_Problem:_ Your task is to copy the lines from the line containing "Telewizor QD MiniLED 65 cali 65MLED920/12" through the end of the listing below, both included, without any pictures.

_Given data:_
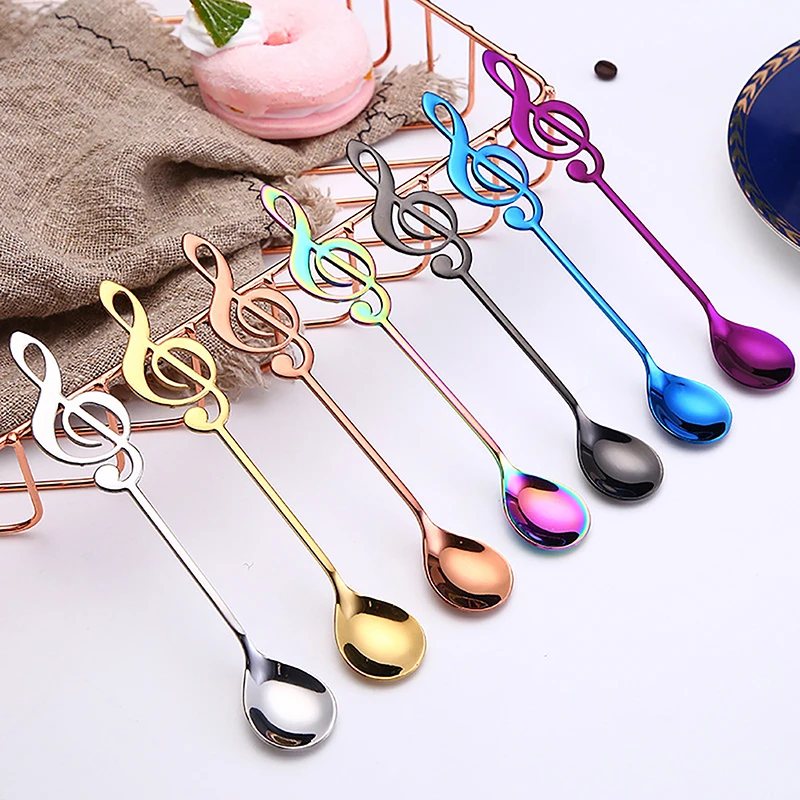 2/3/4/6pcs Musical Coffee Spoon Set Stainless Steel Dessert Ice Cream Spoon Tea Spoon Coffee Accessories Flatware Drinking Tools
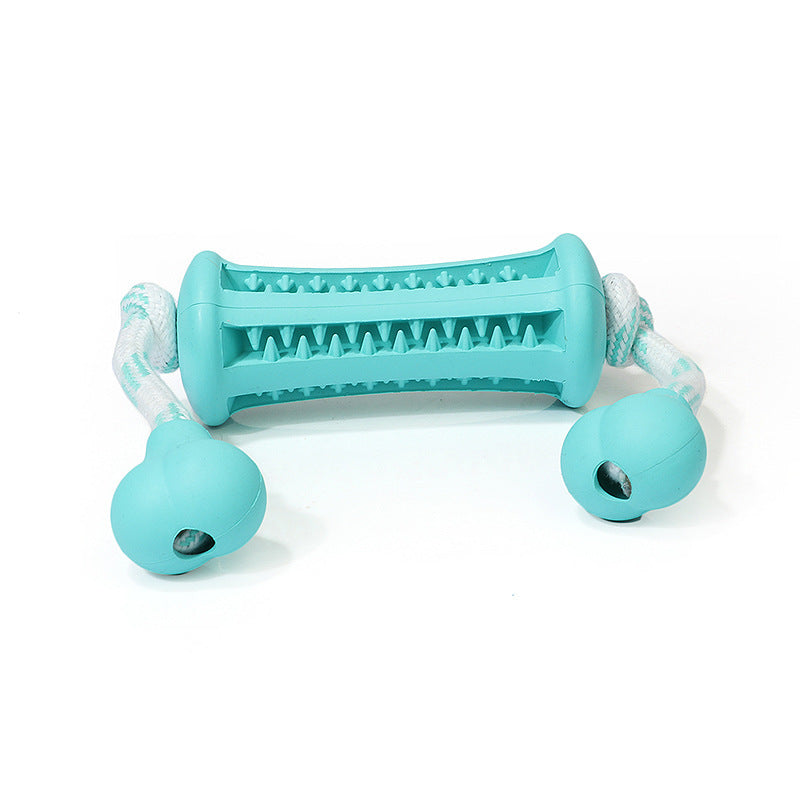 Rubber Dog Molar Toy with Wear-Resistant Rope for Teeth Cleaning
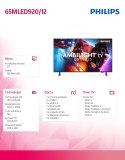 Telewizor QD MiniLED 65 cali 65MLED920/12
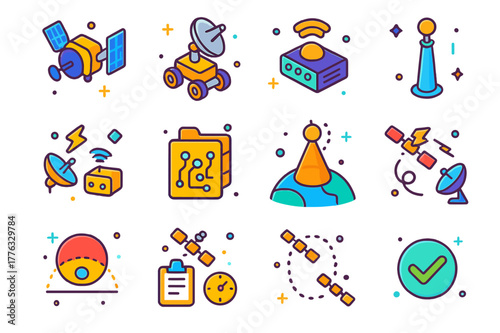 Planetary Relay Icons. Planetary relay architecture. Colorful isometric vector icons set of Planetary relay architecture: Mars relay orbiter, surface rover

_Solution below:_
 Telewizor QD MiniLED 65 cali 65MLED920/12
 Planetary Relay Icons. Planetary relay architecture. Colorful isometric vector icons set of Planetary relay architecture: Mars relay orbiter, surface rover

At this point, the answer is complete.